In 2001, she had a few small strokes, and some people noticed a mental decline. Denis died suddenly in 2003; her dearest ally, Ronald Reagan, died of Alzheimer’s in 2004, and, suffering from early dementia herself but superbly dressed and coiffed by her devoted household team, she attended the funeral, where her prerecorded eulogy protected her from embarrassing slips. Moore presents these last years as particularly sad, calling her “The Lioness in Winter.” Her adult children, Mark and Carol, gave her more worry than help, and she could never get the hang of country-house weekends. “She played no games or sports,” notes Moore, and “dressed with intimidating formality.” In her retirement, she was like a woman “unwillingly divorced” and “isolated in a man’s world.” These feminizing metaphors trivialize her strength and disregard comparisons to her male peers, including Reagan and French President François Mitterrand, massively protected in retirement and decline.

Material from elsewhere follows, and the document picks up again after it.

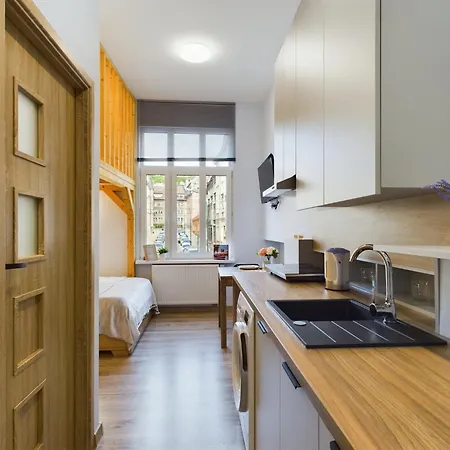 Stylish And Wooden 1st Floor In Cracow By Renters *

Moore is aware of the sexism and overt misogyny Thatcher suffered. He points out that her ability to establish solid relationships with world leaders was often described as flirtatiousness and infatuation, rather than thorough preparation. When she hosted Soviet President Mikhail Gorbachev in April 1989, the Soviets said she looked at him with “sheer rapture and adoration.” Yet Moore himself too often casts her in a stereotypically feminine, besotted role, calling her “girlishly effusive about Reagan” and as awkward when she met with his successor, George Bush, as “a girl on a new date after many happy years with her previous boyfriend.” He tends to underestimate her self-confidence and exaggerate her dependence on male courtiers. In his epilogue, he calls her “an icon, without rival, of female leadership” but not, despite the controversies, a model of political leadership in general.
Thatcher died in April 2013 and chose not to have a state funeral to which heads of state were invited. President Barack Obama sent a message saluting her as “one of the great champions of freedom and liberty.” But an era of dignity and decorum was falling away. Donald Trump, then just a New York real estate developer, was not invited either, but he seized the opportunity to insult his perceived rivals, tweeting that it was terrible that Obama, Joe Biden, and John Kerry did not attend.
In the brawling pandemonium of Washington and Brexit, I hope Thatcher’s gifts of discipline, intelligence, and dedication may finally be recognized beyond the bounds of gender.
Elaine Showalter is a professor emerita of English at Princeton University. She wrote this for the Washington Post.